I would have been perfectly fine with Bran being able to see the past. In fact, it would have been very interesting to me to see how Bran would have been able to utilize the lessons of history to aide in the current conflicts. I can also see why seeing the truth is useful, especially given the multiple layers of deception in play throughout the various subplots. However, the whole seeing the future thing opens up a can of worms that isn’t particularly easy to deal with. Jojen sees the absolute truth in his green dreams – what he sees will happen no matter what and based off of that, Bran’s vision of the future, which I assume he will get as a greenseer, will all be useless if they’re sure to happen. Doesn’t that really undermine Bran’s part in this story? If he’s just there to know what’s going to happen without actually being able to do anything about it, then what is the point, really?

It was a few days after Alebelly’s bath that Ser Rodrik returned to Winterfell with his prisoner, a fleshy young man with fat moist lips and long hair who smelled like a privy, even worse than Alebelly had.

Enter Ramsay of House Bolton, most beloved supreme leader of glorious Dreadfort. Right from his introduction we get a sense that he is bad news – Jojen’s foretelling of Reek telling Bran and Rickon as well as Rodrik’s disgust of the man. What interests me the most though is how Ramsay was able to create the Reek odour; I had assumed that the real, original Reek had smelled the way he did due to a medical condition or something but if Ramsay is able to about the same smell, then I wonder if the smell was something Ramsay concocted, a result of his torture and fun? I do seem to recall that Theon smells the same when he becomes Reek.

Bran had heard men saying that when Ser Rodrik had smashed down the door he found her with her mouth all bloody and her fingers chewed off.

Poor Lady Hornwood. She seemed like a genuinely nice woman and it surprises me that the rule of law in the North is so poor that something like this can even happen. I’m assuming it would not have been a problem had Robb been in Winterfell but the more I think of it, the less sure I get. Robb’s rule was fairly tenuous at the beginning and the only easy way to solve this clusterfuck pre-emptively would have been to get Lady Hornwood married off to someone in Robb’s circle of influence. The image of a kindly old lady being forced to eat her own fingers is one of those ‘gifts’  that never stops giving – the more you think about it, the more fucked up it becomes.

Perhaps when Lord Bolton hears his tale, he will abandon his claim, but meantime we have Manderly knights and Dreadfort men killing one another in Hornwood forests, and I lack the strength to stop them.

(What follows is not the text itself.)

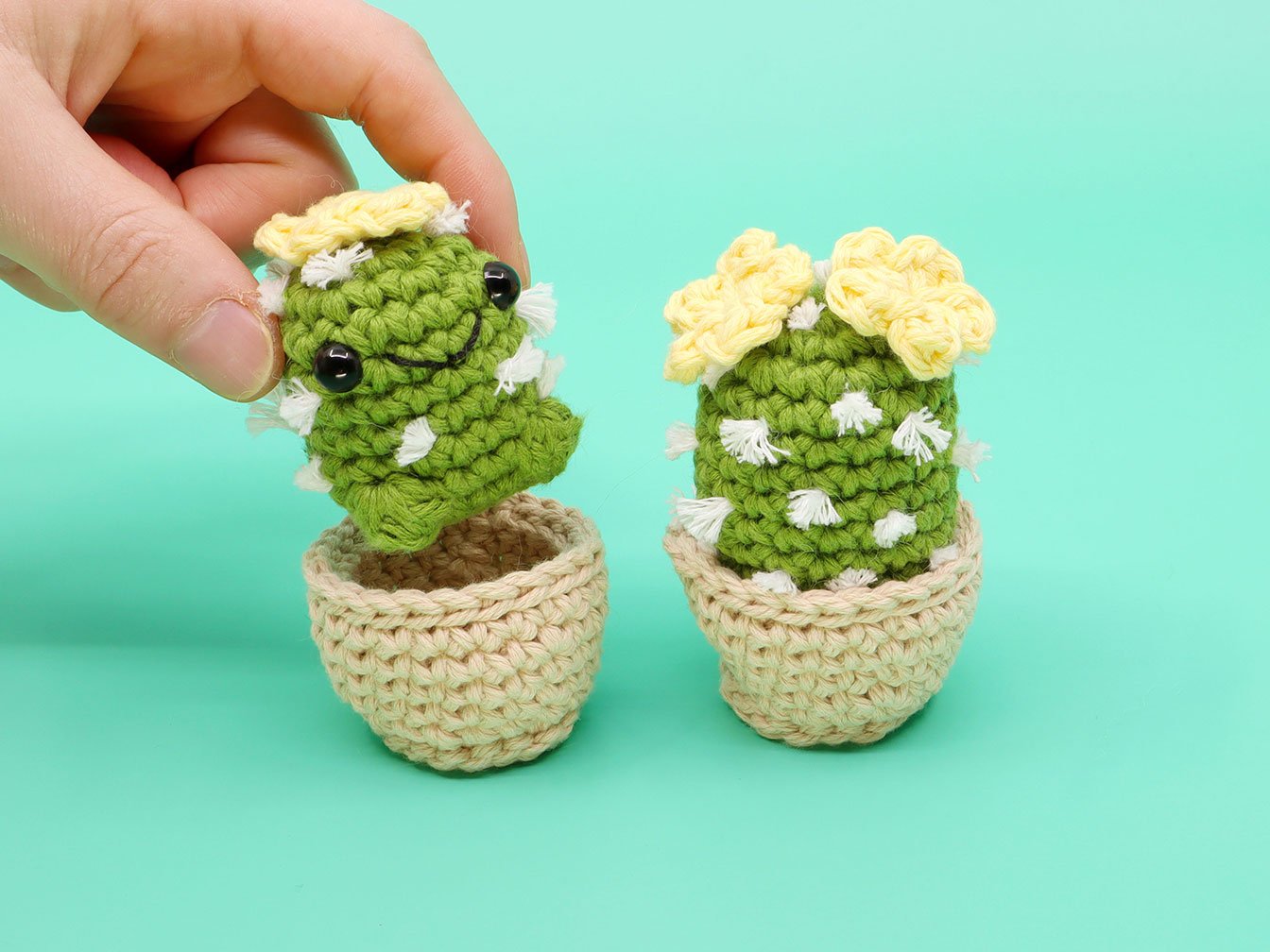 Flower Crochet Kit Tulip Flowerpot Step-by-step Video Tutorial DIY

It’s funny the way things repeat themselves; it seems like the current (as of ADWD) conflict between the Boltons and the Manderlys had a very recent historical precedent. I guess I can see the Bolton angle on this – whoever the castellan of the Dreadfort is, must not have wanted good, ‘Bolton’ lands to be lost to the Manderlys. Meanwhile, I’m guessing that old Manderly wasn’t particularly happy about having lands that he wanted for himself being snatched from right under his nose and so decided to take the moral high ground and fight for the lands for the sake of ‘justice’. Now, maybe I’m being a little too uncharitable to both parties but one of them is a Bolton, so whatever, and the other, Wyman Manderly, isn’t quite as noble and chivalrous as I think he would have us believe. I have a theory but I’ll save it for when Manderly comes to the fore of the story.

 “Why would the gods send a warning if we can’t heed it and change what’s to come?”

I guess this pretty much summarizes everything I had to say about this chapter. It feels rather pointless to have a prophecy with a known, unchangeable outcome. Normally, the point of these predictions is to give the characters a future to avoid or strive towards but if the outcome is already set in stone then is there even a point in knowing it? It also brings up the question of who exactly is ‘sending’ these visions. It’s odd the Jojen’s dreams are so specifically targeted to impactful events in the world instead of just random glimpses of him walking or mundane everyday stuff happening. If the old gods are sending the dreams, they are sending them for a purpose and with an agenda.